Where an appeal relates to sentence only, it is necessary to keep in mind, as well, the task of the Court of Criminal Appeal on such an appeal. The Court of Court of Criminal Appeal is a court of error: Zreika v R [2012] NSWCCA 34 at [79]. All grounds of appeal should ordinarily arise from points taken in the sentencing court: Zreika v R at [80]-[81].
If the Court of Criminal Appeal grants leave to appeal against sentence and finds error, it remains for that Court to be satisfied under s.6(3) Criminal Appeal Act 1912 that some lesser sentence is warranted in law and should have been passed.
Before moving to an assessment of the grounds by reference to the submissions made yesterday, it is necessary to refer briefly to the circumstances of the offences themselves.
The offences occurred whilst the Applicant held a position of responsibility and trust with the Royal Bank of Canada. Between 2009 and his resignation following detection in November 2011, he worked as an Investment Banking Associate with that Bank.
On four occasions over a 10-month period between September 2010 and July 2011, the Applicant communicated inside information concerning takeovers to two of his friends, who were day traders. On each occasion, the Applicant knew that it was likely that the inside information he was passing on to his friends would lead to trading by that person using that information, as indeed occurred in each case.
The Applicant did not himself engage in insider trading, nor did he profit from these activities. However, it is necessary to bear in mind that the offences to which he pleaded guilty, and for which he was sentenced, were serious crimes where tipping itself constituted the offence.
I move now to a relatively brief assessment of the communicated grounds of appeal.
Ground 1 asserts his Honour failed to provide an adequate discount for admissions made by the Applicant to ASIC. It is the case that the evidence in the sentencing court revealed a significant level of assistance.
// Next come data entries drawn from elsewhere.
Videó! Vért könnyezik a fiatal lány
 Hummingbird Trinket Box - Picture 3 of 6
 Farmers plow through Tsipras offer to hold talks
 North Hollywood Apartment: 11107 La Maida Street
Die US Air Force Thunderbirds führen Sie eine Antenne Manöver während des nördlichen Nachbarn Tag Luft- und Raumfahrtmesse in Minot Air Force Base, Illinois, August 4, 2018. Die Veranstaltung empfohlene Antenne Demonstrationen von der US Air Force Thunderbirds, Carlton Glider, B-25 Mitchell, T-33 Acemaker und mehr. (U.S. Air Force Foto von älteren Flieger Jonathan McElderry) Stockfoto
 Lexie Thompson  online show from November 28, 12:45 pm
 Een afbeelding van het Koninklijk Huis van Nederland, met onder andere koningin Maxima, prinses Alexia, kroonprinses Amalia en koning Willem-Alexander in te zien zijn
It is also the case that the sentencing Judge took these matters into account on sentence. His Honour allowed a rolled up discount of 40% on Counts 1 and 2, for the Applicant's pleas of guilty and his co-operation and assistance. His Honour allowed a rolled up discount of 35% for his pleas of guilty and his co-operation and assistance on Counts 3 and 4.
Ground 1 seeks to challenge the adequacy of the discount and contends that some greater allowance ought to have been made with respect to aspects of the assistance. It has been said frequently in the Court of Criminal Appeal, that a ground of appeal which asserts that greater weight should have been given to a factor on sentence is difficult to make good: Yang v R [2012] NSWCCA 49 at [25]. This is because built in to the submission is an acknowledgment that the sentencing Judge did make allowance, including (in this case) a quantified discount for these matters. Ground 1 represents an argument capable of being advanced in the Court of Criminal Appeal, but it does not rise above the level of arguability.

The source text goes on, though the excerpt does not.